I had originally thought that perhaps I could fix this problem by excluding "groups" with an insufficient number of rows:
na.omit(my_data) %>%
group_by(gender, status, country) %>%
filter(n() < 5) %>%
mutate(result1 = ptile(var1, 10), result2 = ptile(var2, 5))
But the same errors still persist.
I was wondering - is there some way to modify this percentile function such that when percentiles might not be able to be calculated at the desired level, the next closest level of percentiles can be calculated?
As an example, if I want percentiles at groups of 10 and this is not possible - perhaps percentiles at groups of 15 or groups of 20 might be possible?
As another example, suppose some group of observations (e.g. male, immigrant, country A) only has 1 observation and I want percentiles in groups of 10 - naturally, it seems that this is not possible.
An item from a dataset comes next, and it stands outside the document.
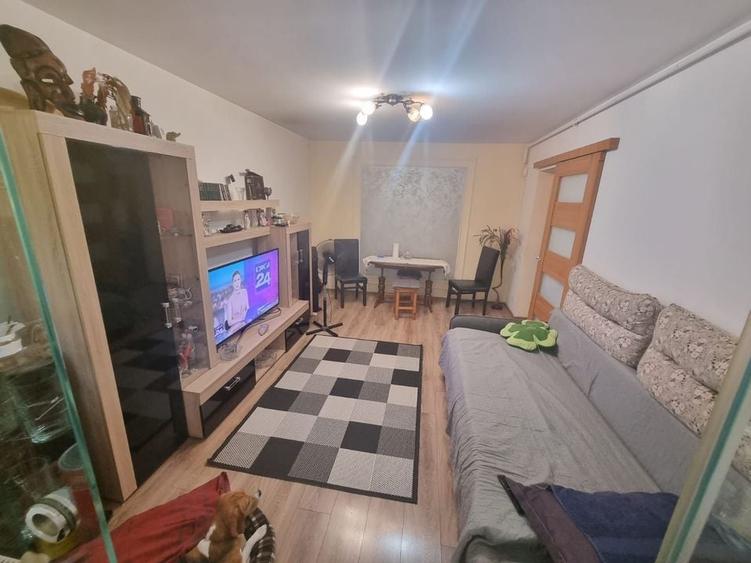 Apartament cu 3 camere decomandat în Tomis Nord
Without knowing that such a group exists in advance, is it possible to modify this ptile function such that it either ignores this group or just calculates the closest possible percentile (e.g. places everything into 1)?
In general, how can I change this ptile function so that these errors can be fixed?
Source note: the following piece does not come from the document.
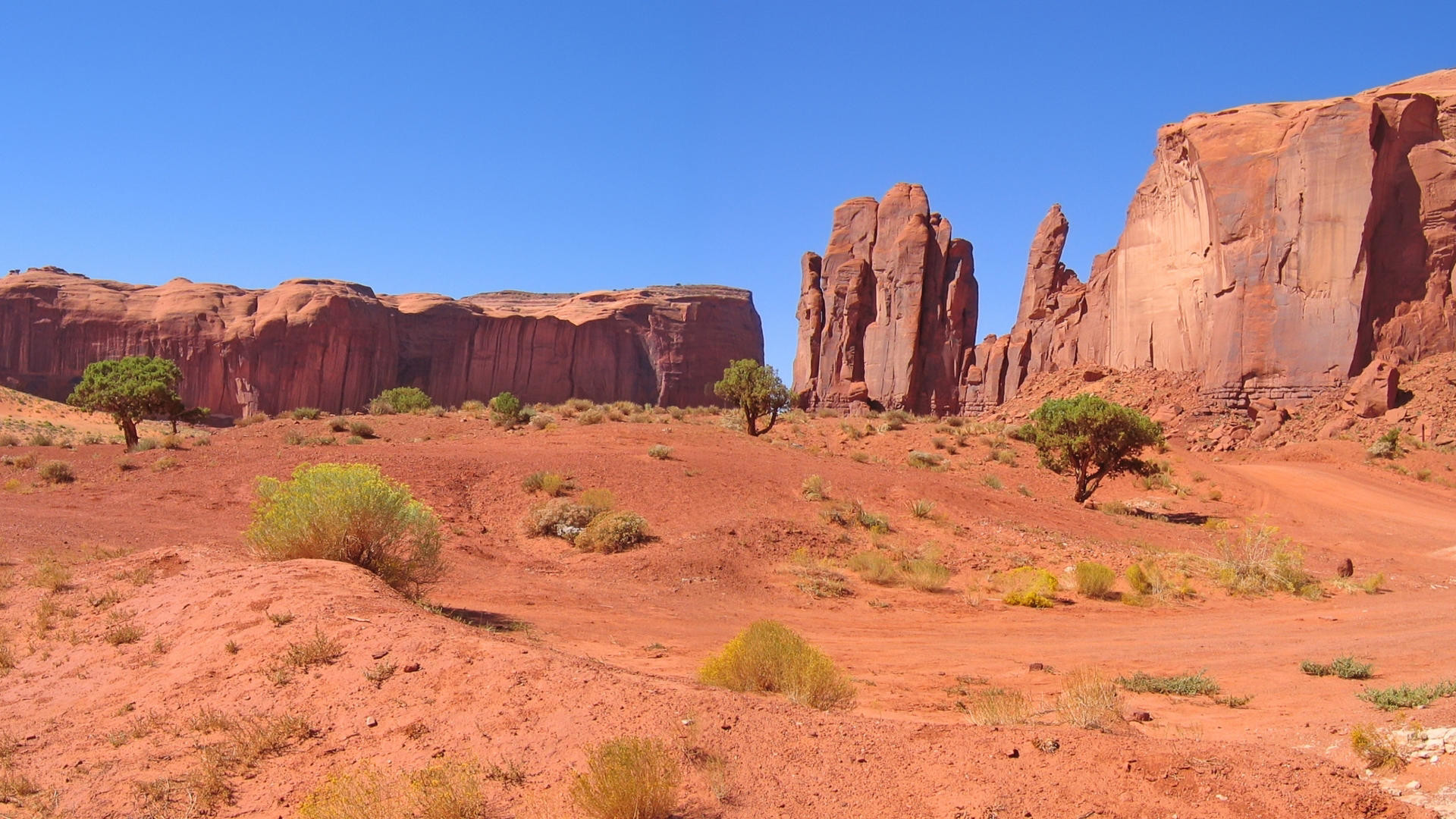 Related Wallpapers From Free Monument Valley Wallpaper - Cool Desert Landscape - HD Wallpaper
Can someone please suggest a way to do this?
Thanks!
CodePudding user response:
This is not really an answer, but I am quite sure it will help.
First I thought this is the reason:
The reason is that in var 1 and var 2 length of break and label is not equal:
pct_var1 <- quantile(my_data$var1, probs = seq(0, 1, 1/10))
length(pct_var1)
# Create a character vector to store the labels
labels_var1 <- sprintf("%.2f to %.2f percentile %d",
head(pct, -1), tail(pct, -1), seq_len(10))
length(labels_var1)
cut_var1 <- cut(my_data$var1, breaks = pct, labels = labels, include.lowest = TRUE)
pct_var2 <- quantile(my_data$var2, probs = seq(0, 1, 1/5))
length(pct_var2)
# Create a character vector to store the labels
labels_var2 <- sprintf("%.2f to %.2f percentile %d",
head(pct, -1), tail(pct, -1), seq_len(5))
length(labels_var2)
cut_var2 <- cut(my_data$var2, breaks = pct, labels = labels, include.lowest = TRUE)
> length(pct_var1)
[1] 11
> length(labels_var1)
[1] 10
> length(pct_var2)
[1] 6
> length(labels_var2)
[1] 5
In combination with this post Cut and labels/breaks length conflict it should be manageable to solve.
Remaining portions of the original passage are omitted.